1

I would like to generate unique id for entity and store the entity in Cassandra database (only if entity with generated id does not exist already).

After id generation I check in db if there is any entity with the same id. If not, then the entity is saved. Sample code from MyService class:

synchronized (MyService.class) {
    do {
        id = generateId();
    } while (myDao.find(id) != null);
    sampleObject.setId(id);
    myDao.create(sampleObject);
}

In MyDao to save entity I'm using:

cassandraOperations.insert(sampleObject);

What is the best practice to ensure that already generated id does not exist in database? I feel that this synchronize block is not the most efficient solution. Or maybe there is any other way in which I can ensure that entity is inserted only if there is no entity with the same id in database?

Lukasz_Plawny
  • 429
  • 7
  • 17
  • Check [this](https://stackoverflow.com/questions/3935915/how-to-create-auto-increment-ids-in-cassandra) – Russiancold Oct 16 '17 at 21:45
  • Do you use uuid as id? If so the probability of collision is equal to 0. So you don't even need to check for existance – rvit34 Oct 16 '17 at 22:22
  • In my case id is an alphanumeric String. Even with UUID there is very low collision propability. – Lukasz_Plawny Oct 16 '17 at 22:25
  • 2
    Since you use cassandra I recommend you to use UUID instead of alphanumeric string. You can additionally perform get requests if you want to. But syncronized here is extra and having no sence. – rvit34 Oct 16 '17 at 22:43
  • Lets assume that I use UUID. I still need to have some specific alphanumeric String, which needs to be unique. So even with UUID used as ID I need to perform this check. So I think that using UUID in my case is not a solution. – Lukasz_Plawny Oct 16 '17 at 22:52
  • UUID is already unique. Why do you need some aditional specific alphanumeric String? – rvit34 Oct 16 '17 at 23:00
  • The alphanumeric String may contain any of alphabet letters, this requirement is not fullfilled by UUID. – Lukasz_Plawny Oct 16 '17 at 23:09
  • you can use guid or auto increase ID in database – Jswq Oct 17 '17 at 01:01
  • 3
    @Lukasz_Plawny "Even with UUID there is very low collision propability." The probability that your entire development team is killed by wolves in the same night, at precisely the same point in time where a meteor lands on your data center, is much higher than the collision probability of UUIDs. – Jan Dörrenhaus Oct 17 '17 at 08:27
  • @JanDoerrenhaus you are right, collision probability is very low. Right now I'm going to remove this additional check, synchronized block and just implement generateId() method in similar way to random UUID generation (but with Characters, which needs to be used to generate my custom id) . I will still use String as a primary key generated using SecureRandom. – Lukasz_Plawny Oct 17 '17 at 08:38

2 Answers2

8

Type 1 uuids (timeuuid) guarantees no collisions provided you create less than 10k uuids per millisecond (per host). So this is easiest solution with no impact on throughput or latency. If you use a type 4 random uuid (uuid type) the chance of a collision is less than a super volcano erupting from under your datacenter but it doesn't provide the guarantee timeuuid does.

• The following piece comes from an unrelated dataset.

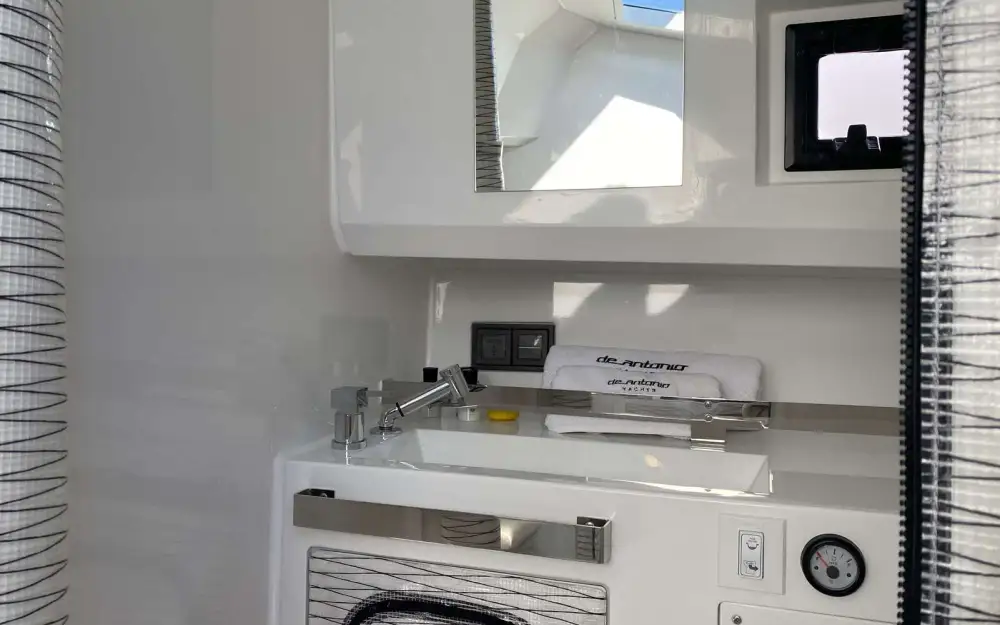 slider 7 De Antonio Yachts D32 Open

If you want you can also use lightweight transactions with the IF NOT EXISTS clause on your query.

INSERT INTO keyspace_name.table_name
  ( identifier, column_name...)
  VALUES ( value, value ... ) IF NOT EXISTS

This will only apply the mutation if the row does not already exist. The query will return an applied field that tells you if it succeeded or not. If another inserted same thing only one would work.

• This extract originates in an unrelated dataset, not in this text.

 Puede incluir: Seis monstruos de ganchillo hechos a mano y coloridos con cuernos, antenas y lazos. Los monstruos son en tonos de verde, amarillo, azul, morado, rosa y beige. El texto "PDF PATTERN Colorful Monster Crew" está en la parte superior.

https://docs.datastax.com/en/cql/3.1/cql/cql_reference/insert_r.html#reference_ds_gp2_1jp_xj__if-not-exists

This will be slower since it uses paxos, which takes multiple hops around your cluster to complete.

Chris Lohfink
  • 16,150
  • 1
  • 29
  • 38
0

UUID is safe solution but sometimes id is not very unique. For example SSN. To tackle it Cassandra has support for lightweight transactions. https://docs.datastax.com/en/cql/3.3/cql/cql_using/useInsertLWT.html

On Application side no synchronized is required. Cassandra resultset will return applied flag true if record is written.
Function to write:

ResultSet insertIfNotExists(String Id) {
    String cql = QueryBuilder.insertInto("table_name")
            .value("id", Id)
            .ifNotExists()

    return cassandraOperations.query(cql);
}

Usage:

ResultSet rs = insertIfNotExists("abc123")
if (rs.wasApplied()) {
   log.info("success")
}
Valchkou
  • 369
  • 5
  • 8